◆ **About this task**
Your answer must consist of exactly the lines below, starting with the line with "Welcome to Accounting" and going on through the line with "This is one", and nothing else.

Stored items

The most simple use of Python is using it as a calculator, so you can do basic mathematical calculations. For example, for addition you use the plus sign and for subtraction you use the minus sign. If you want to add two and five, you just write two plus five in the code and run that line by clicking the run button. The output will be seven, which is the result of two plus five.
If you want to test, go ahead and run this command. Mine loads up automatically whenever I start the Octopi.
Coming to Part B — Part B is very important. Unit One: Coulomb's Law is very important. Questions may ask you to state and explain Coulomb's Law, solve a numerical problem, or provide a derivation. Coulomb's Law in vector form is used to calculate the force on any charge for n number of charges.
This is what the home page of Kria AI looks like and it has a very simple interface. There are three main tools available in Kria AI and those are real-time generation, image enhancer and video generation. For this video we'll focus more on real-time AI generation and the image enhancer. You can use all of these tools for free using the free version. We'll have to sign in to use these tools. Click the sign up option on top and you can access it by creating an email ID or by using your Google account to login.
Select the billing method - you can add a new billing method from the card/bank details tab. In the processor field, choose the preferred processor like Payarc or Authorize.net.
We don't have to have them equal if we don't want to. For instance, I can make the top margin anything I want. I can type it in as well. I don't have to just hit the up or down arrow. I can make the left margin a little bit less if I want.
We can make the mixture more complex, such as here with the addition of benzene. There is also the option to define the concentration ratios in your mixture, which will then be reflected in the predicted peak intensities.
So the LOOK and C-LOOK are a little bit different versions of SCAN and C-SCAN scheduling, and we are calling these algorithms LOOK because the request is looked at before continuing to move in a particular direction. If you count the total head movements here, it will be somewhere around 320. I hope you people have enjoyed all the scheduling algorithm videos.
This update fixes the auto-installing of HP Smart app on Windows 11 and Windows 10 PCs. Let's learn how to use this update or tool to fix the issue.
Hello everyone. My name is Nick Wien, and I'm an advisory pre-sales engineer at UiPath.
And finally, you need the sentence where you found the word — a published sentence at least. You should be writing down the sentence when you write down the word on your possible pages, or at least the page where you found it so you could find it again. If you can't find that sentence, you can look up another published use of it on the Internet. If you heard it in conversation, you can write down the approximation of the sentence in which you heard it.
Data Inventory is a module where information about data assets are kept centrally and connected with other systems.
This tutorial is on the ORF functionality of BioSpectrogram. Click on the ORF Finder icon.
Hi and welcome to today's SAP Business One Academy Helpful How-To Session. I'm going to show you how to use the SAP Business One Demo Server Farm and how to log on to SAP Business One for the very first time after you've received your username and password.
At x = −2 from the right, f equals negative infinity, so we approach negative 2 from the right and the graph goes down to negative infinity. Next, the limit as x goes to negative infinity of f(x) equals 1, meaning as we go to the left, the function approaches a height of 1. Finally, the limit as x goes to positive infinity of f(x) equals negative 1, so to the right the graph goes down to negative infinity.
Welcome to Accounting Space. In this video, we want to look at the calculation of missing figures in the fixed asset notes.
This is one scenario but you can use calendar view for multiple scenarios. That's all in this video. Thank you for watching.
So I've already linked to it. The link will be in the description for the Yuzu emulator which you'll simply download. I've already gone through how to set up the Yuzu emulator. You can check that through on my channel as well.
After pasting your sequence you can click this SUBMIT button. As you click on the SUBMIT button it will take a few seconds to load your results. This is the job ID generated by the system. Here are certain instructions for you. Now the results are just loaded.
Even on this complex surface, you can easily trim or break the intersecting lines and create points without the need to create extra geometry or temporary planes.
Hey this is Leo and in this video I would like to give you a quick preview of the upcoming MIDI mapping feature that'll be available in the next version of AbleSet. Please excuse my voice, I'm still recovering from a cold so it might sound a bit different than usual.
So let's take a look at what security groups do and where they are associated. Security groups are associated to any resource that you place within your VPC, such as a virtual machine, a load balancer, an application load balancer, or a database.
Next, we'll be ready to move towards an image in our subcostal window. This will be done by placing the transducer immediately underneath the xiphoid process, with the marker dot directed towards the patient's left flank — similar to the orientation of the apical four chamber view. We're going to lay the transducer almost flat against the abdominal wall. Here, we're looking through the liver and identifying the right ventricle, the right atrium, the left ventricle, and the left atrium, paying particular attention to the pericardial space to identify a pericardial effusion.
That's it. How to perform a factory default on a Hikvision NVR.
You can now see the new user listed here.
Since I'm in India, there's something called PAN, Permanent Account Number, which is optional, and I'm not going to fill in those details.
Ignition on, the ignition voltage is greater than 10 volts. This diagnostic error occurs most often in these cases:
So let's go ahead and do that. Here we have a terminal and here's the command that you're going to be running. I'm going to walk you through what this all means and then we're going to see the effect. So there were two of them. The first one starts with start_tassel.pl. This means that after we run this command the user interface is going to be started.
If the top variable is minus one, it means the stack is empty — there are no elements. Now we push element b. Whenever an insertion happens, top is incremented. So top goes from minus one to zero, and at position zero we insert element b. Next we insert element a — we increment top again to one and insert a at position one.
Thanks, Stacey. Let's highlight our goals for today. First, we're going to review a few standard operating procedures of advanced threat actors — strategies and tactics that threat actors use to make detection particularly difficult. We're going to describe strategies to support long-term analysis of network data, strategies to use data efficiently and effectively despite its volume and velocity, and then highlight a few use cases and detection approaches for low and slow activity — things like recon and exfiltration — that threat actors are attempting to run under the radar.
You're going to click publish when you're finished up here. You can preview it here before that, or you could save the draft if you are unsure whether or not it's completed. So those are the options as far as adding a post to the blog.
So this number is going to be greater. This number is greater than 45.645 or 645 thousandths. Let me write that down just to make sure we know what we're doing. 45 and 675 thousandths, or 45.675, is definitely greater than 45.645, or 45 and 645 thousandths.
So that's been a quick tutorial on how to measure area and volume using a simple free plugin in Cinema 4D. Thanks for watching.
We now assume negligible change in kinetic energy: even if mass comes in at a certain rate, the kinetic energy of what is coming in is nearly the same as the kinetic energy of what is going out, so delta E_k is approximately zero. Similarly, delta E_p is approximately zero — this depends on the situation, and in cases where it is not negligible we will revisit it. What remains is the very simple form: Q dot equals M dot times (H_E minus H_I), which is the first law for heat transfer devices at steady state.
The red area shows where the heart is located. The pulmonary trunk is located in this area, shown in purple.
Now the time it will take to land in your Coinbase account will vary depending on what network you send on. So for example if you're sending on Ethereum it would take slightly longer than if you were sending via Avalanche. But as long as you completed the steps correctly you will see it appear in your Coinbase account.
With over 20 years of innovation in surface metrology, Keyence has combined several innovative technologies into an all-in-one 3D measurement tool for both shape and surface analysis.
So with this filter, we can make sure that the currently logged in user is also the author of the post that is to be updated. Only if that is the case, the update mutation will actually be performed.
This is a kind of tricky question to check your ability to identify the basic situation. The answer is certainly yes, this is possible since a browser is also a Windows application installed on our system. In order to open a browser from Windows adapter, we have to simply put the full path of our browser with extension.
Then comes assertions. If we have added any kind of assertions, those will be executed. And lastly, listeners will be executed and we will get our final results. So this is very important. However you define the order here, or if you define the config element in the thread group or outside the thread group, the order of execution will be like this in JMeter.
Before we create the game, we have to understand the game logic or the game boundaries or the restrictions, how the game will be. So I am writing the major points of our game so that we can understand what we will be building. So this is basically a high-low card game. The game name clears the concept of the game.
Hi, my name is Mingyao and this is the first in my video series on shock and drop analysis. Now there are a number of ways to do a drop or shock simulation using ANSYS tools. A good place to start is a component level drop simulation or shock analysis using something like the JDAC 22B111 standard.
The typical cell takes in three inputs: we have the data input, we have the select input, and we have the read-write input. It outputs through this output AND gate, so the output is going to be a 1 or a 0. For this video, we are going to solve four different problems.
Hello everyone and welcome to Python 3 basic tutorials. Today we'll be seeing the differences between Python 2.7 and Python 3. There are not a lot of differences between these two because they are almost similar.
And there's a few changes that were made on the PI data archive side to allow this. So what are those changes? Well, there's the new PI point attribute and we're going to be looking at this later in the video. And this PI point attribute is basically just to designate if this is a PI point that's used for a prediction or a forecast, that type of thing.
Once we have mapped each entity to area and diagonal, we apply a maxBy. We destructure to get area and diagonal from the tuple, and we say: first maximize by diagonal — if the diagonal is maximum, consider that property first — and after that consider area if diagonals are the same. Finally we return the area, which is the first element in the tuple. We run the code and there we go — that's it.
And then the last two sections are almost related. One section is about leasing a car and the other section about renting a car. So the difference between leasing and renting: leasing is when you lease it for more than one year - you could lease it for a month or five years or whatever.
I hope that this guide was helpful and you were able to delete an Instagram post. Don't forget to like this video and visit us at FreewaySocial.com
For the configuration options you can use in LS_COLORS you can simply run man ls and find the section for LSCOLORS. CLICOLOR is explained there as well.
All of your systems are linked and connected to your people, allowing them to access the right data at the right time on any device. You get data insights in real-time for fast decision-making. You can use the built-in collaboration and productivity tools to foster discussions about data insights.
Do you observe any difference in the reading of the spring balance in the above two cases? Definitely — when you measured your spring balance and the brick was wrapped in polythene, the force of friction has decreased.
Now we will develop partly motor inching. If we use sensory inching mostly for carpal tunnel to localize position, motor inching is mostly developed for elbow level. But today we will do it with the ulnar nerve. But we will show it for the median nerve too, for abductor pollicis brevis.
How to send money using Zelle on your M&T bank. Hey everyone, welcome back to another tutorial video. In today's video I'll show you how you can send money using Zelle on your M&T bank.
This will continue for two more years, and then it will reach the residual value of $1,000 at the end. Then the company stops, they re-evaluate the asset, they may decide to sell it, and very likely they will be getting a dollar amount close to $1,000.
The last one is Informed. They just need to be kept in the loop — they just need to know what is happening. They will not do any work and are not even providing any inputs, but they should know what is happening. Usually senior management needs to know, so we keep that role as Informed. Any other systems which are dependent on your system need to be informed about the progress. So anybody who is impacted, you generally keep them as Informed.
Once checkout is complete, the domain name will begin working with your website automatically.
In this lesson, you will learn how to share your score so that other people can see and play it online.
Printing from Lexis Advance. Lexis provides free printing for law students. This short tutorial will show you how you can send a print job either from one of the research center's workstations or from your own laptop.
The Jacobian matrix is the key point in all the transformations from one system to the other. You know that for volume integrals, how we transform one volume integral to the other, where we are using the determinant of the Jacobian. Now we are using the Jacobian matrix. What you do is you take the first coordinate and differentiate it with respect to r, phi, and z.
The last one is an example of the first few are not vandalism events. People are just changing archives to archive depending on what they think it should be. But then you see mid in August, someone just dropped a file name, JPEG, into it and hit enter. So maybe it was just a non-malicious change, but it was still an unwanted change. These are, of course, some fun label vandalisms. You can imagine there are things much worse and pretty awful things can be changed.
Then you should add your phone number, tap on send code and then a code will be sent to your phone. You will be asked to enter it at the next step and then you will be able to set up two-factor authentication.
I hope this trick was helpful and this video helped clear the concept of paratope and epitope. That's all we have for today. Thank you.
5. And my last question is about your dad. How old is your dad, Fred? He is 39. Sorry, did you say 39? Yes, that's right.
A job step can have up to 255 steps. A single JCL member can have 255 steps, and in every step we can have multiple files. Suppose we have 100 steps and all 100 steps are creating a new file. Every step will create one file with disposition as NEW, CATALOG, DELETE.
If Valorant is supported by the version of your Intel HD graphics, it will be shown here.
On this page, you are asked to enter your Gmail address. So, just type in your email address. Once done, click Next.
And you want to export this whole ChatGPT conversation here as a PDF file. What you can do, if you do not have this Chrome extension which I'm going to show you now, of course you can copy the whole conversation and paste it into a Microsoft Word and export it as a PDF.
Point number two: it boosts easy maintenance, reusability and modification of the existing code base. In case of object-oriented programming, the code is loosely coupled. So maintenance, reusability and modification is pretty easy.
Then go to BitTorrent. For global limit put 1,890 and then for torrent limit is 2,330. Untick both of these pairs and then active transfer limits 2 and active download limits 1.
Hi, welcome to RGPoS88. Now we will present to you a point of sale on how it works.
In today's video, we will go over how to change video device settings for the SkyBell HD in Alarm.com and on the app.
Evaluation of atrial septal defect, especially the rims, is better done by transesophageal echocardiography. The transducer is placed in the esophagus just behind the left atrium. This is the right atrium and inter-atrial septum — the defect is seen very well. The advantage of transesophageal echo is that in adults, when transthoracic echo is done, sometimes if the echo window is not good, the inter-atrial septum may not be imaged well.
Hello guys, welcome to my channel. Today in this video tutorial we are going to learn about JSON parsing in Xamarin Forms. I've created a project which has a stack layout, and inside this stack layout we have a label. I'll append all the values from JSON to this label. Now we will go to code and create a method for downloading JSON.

◆ **Exercise output**
Welcome to Accounting Space. In this video, we want to look at the calculation of missing figures in the fixed asset notes.
This is one scenario but you can use calendar view for multiple scenarios. That's all in this video. Thank you for watching.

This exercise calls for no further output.